(Web page caption snippets)
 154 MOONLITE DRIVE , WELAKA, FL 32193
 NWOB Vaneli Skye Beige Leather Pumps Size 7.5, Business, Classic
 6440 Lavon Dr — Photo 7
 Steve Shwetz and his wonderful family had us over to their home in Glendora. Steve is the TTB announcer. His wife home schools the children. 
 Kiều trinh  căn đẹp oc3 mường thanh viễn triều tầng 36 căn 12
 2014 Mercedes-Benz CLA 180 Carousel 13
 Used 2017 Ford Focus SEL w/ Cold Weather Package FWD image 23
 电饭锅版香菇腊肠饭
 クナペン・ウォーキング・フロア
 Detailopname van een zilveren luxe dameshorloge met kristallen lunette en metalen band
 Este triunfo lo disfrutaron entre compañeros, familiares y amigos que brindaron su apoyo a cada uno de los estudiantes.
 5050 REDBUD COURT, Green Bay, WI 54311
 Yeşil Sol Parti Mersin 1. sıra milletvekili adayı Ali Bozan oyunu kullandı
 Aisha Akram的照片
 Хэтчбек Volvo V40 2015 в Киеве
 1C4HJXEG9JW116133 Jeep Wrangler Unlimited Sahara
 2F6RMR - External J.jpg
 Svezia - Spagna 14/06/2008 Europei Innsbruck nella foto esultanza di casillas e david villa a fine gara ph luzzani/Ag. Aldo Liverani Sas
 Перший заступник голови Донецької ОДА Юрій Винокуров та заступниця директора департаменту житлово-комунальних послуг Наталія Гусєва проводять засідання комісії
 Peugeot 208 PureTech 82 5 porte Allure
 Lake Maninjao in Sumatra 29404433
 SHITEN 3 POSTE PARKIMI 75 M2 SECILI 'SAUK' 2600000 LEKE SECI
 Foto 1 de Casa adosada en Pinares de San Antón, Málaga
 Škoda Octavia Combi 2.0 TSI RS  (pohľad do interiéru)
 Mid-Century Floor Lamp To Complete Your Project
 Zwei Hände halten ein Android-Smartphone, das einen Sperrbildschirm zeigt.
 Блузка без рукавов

Work request: Both the line containing "Este triunfo lo" and the line containing "Svezia - Spagna" belong in the answer. Print them and every line above that falls between them exactly, and no others.

Exercise result:
 Este triunfo lo disfrutaron entre compañeros, familiares y amigos que brindaron su apoyo a cada uno de los estudiantes.
 5050 REDBUD COURT, Green Bay, WI 54311
 Yeşil Sol Parti Mersin 1. sıra milletvekili adayı Ali Bozan oyunu kullandı
 Aisha Akram的照片
 Хэтчбек Volvo V40 2015 в Киеве
 1C4HJXEG9JW116133 Jeep Wrangler Unlimited Sahara
 2F6RMR - External J.jpg
 Svezia - Spagna 14/06/2008 Europei Innsbruck nella foto esultanza di casillas e david villa a fine gara ph luzzani/Ag. Aldo Liverani Sas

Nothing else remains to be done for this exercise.